(TASK STATEMENT)
Copy, word for word, the lines of the listing below from the line with "Supporters of a Pakistani opposition party" up to and including the line with "Young blonde girl". Drop the pictures.
----- DATA IN THIS EXERCISE -----
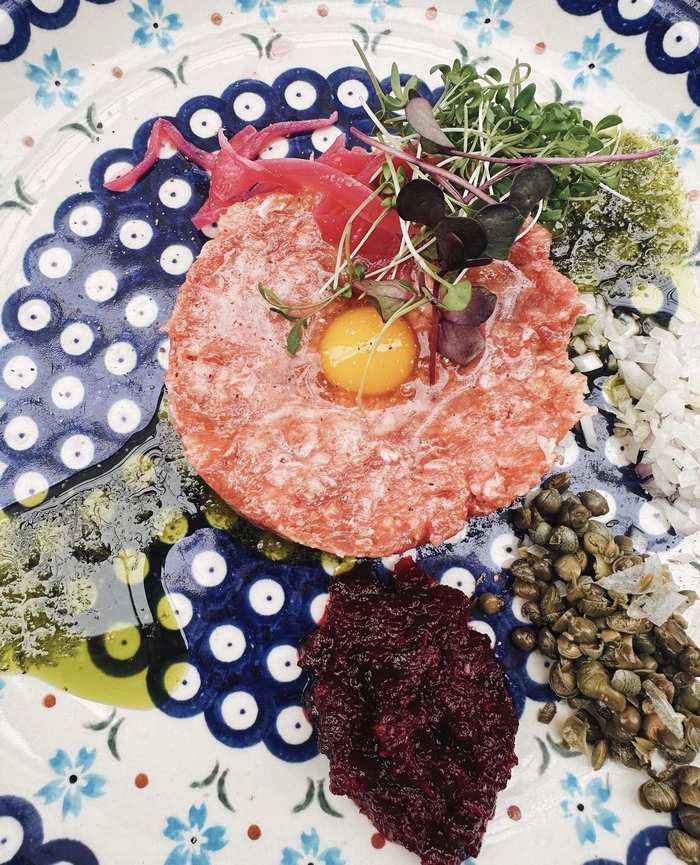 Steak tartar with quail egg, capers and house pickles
-----
----- DATA IN THIS EXERCISE -----
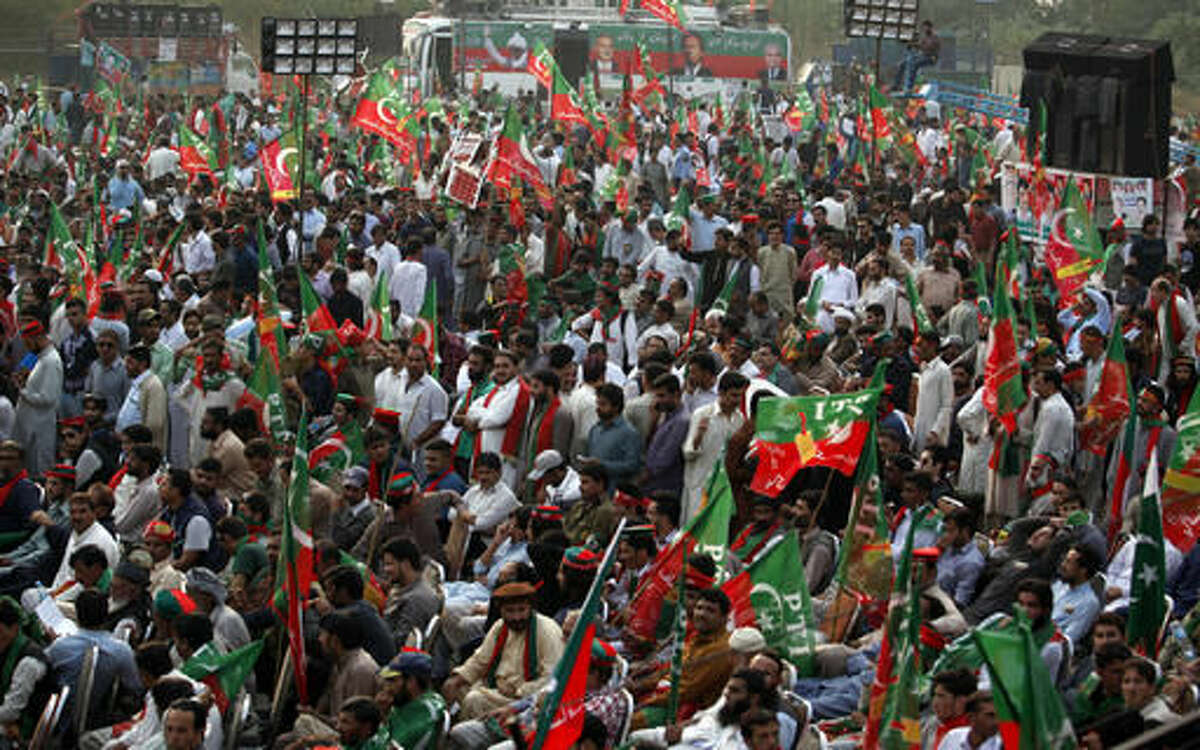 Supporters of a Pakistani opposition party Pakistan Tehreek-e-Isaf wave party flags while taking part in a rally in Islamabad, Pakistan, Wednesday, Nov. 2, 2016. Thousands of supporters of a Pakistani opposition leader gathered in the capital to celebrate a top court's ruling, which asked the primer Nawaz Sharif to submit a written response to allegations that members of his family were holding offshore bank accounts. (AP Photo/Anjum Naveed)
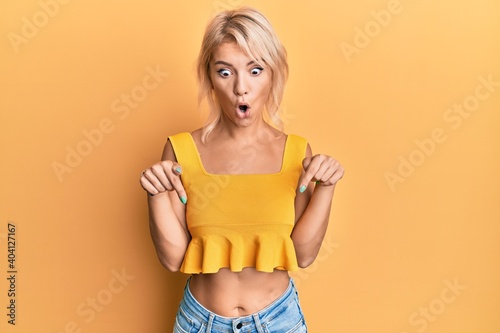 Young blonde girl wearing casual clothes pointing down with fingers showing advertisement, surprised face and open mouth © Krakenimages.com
-----
----- DATA IN THIS EXERCISE -----
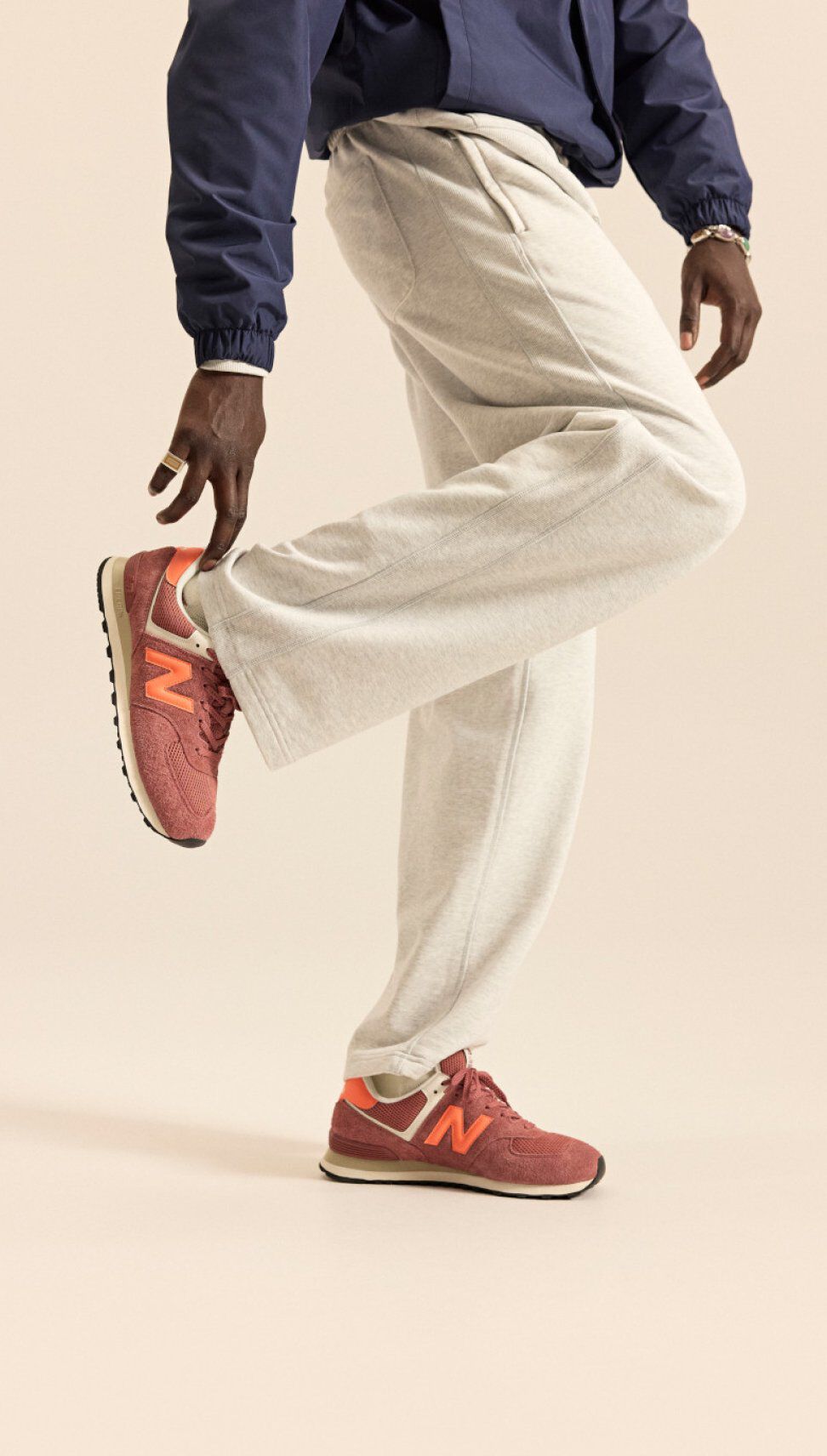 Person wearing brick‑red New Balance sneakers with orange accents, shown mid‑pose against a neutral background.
-----
(RESULT OF THE TASK)
 Supporters of a Pakistani opposition party Pakistan Tehreek-e-Isaf wave party flags while taking part in a rally in Islamabad, Pakistan, Wednesday, Nov. 2, 2016. Thousands of supporters of a Pakistani opposition leader gathered in the capital to celebrate a top court's ruling, which asked the primer Nawaz Sharif to submit a written response to allegations that members of his family were holding offshore bank accounts. (AP Photo/Anjum Naveed)
 Young blonde girl wearing casual clothes pointing down with fingers showing advertisement, surprised face and open mouth © Krakenimages.com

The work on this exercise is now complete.